According to Mexico, it was the 29th time that the Latin American country, representing numerous WTO members, made similar proposals over the past two years, and it was the 29th time that the United States blocked it with a veto.

The Appellate Body has seven judges elected for a 4-year term, and they can be re-elected once. In the selection process, WTO members follow the consensus principle, which means that the nomination of the Appellate Body members can only proceed smoothly with the agreement of all 164 members.

Since 2017, the United States has unilaterally opposed the launching of any selection process for new judges, citing the so-called "systemic" problems of the dispute settlement mechanism.

Due to repeated blocking from the United States, only three judges remained in the Appellate Body, and as the term of two of those ended on Wednesday, the body now has only one judge in office.

As any trade appeal must be heard jointly by three judges, the Appellate Body will be unable to accept any new cases due to lack of judges, and will fall into an effective "lockout" state.

Rules-based multilateralism in danger

Some WTO members have expressed concerns over the impact that the "lockout" of the Appellate Body will have on the international economic and trade order.

At the Nov. 22 meeting, a Norwegian representative warned that "winter is coming."

"This will make the dispute settlement mechanism unable to operate normally, seriously undermining the authority and effectiveness of multilateral trading regime," China's Foreign Ministry spokesperson Hua Chunying said Monday at a routine press conference.

As the "supreme court" of international trade, the Appellate Body not only has the final say on international trade disputes, but its rulings are also enforceable.

The WTO may authorize trade retaliations against members who refuse to enforce the rulings of the Appellate Body.

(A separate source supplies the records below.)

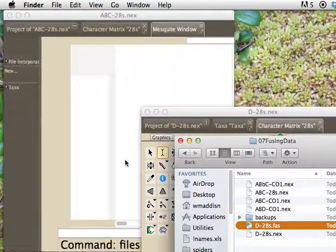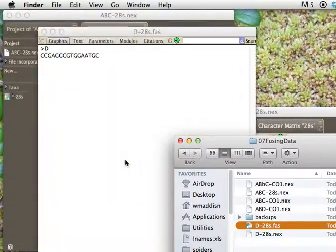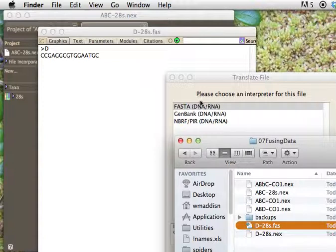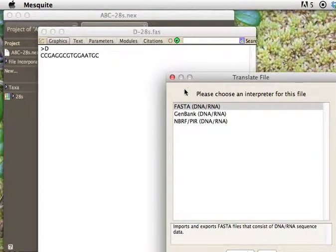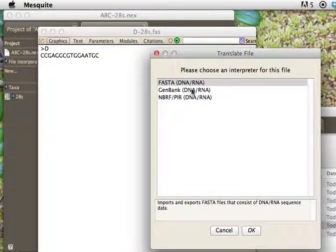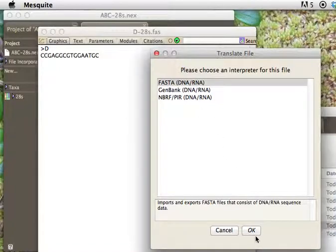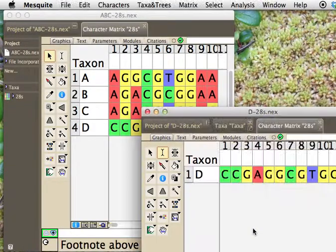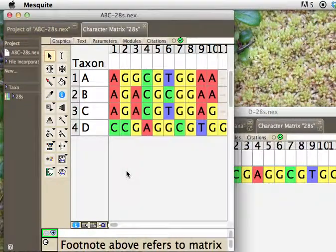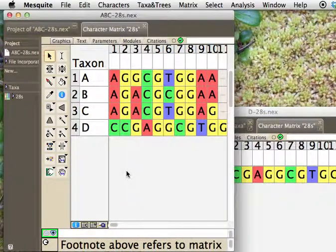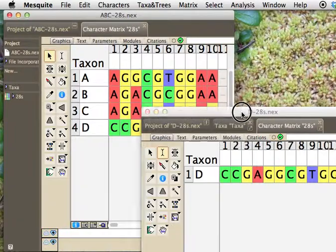Mesquite notices it and says, what sort of sequence is this, and it'll give you a couple of options, so those are the ones that it can input. You say OK, and it puts it in, and it adds it in. So that's one way to do it.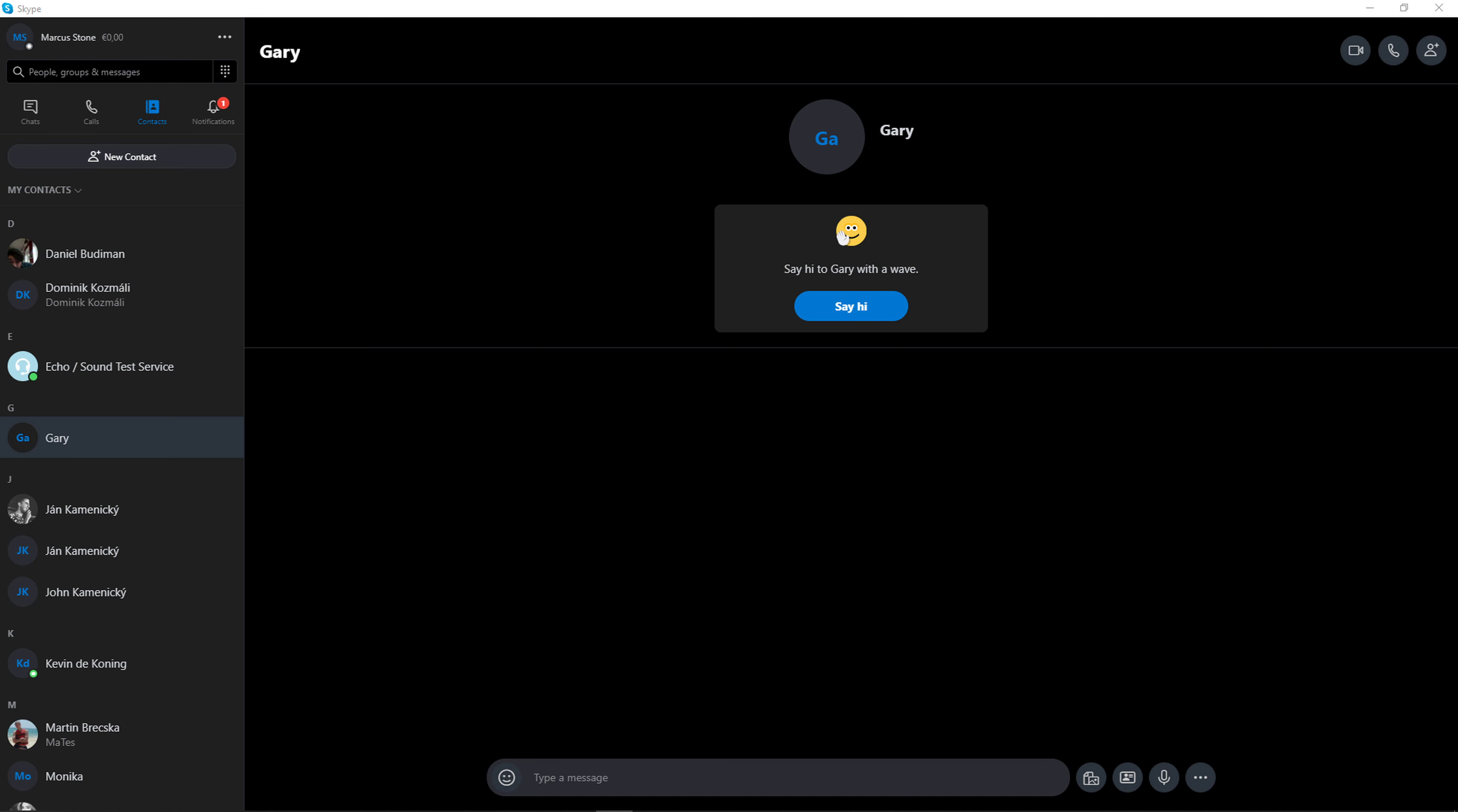Hey everybody, my name is Markus and in this video I'm going to show you a simple way how you can change your name in Skype. So let's start.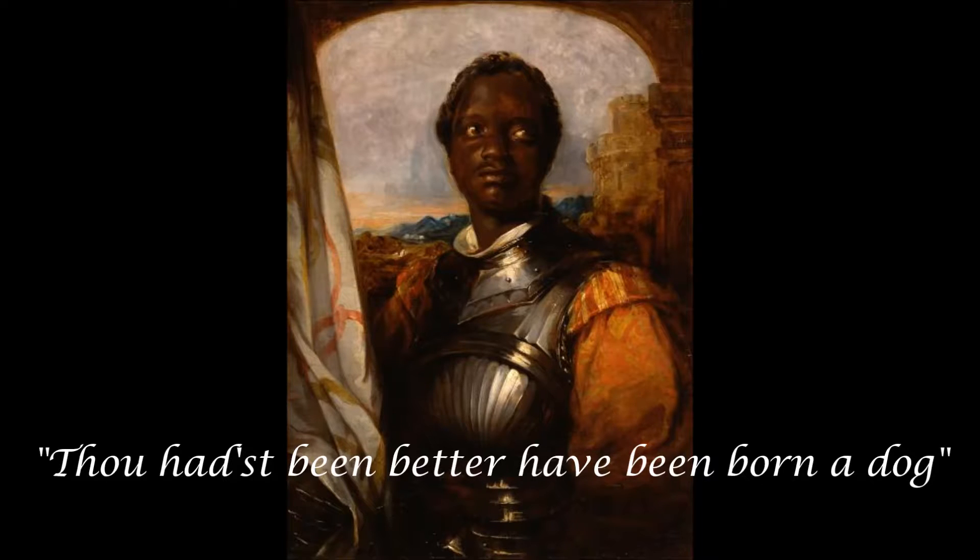Thou hadst been better hath been born a dog. Don't worry about that first clause. Let's look at the second clause. Today, a construction like that would be to have been born a dog.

For this reason, the WTO is dubbed an international organization with "teeth."

Without the Appellate Body, the WTO would only be able to issue a panel report on a dispute without enforcement, and its ability to force members to comply with international trade rules will be significantly weakened.

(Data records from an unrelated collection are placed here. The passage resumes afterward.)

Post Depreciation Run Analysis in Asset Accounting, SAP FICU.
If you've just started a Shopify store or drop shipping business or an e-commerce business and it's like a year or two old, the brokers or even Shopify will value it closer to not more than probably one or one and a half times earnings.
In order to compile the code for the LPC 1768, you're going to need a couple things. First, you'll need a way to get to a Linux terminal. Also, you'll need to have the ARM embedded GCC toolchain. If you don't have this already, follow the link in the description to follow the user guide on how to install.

Roberto Azevedo, director-general of the WTO, has warned that if global trade rules are not effectively implemented, the world economy would return to an era of the "law of the jungle."

Facing the paralysis of the Appellate Body, some WTO members came up with temporary alternatives. The European Union, Canada and Norway have stated that they would initiate a "temporary appeal arbitration" procedure during the "lockout" of the body.

Hua also said that despite the crisis facing the body, the efforts by all sides to safeguard the multilateral trading regime will not stop, and a solution to maintaining the running of the WTO dispute settlement mechanism is being studied.

Besides, there are also trade experts suggesting that both parties to a dispute can negotiate and accept the panel report as the final ruling, thereby keeping the dispute settlement from becoming "unresolved."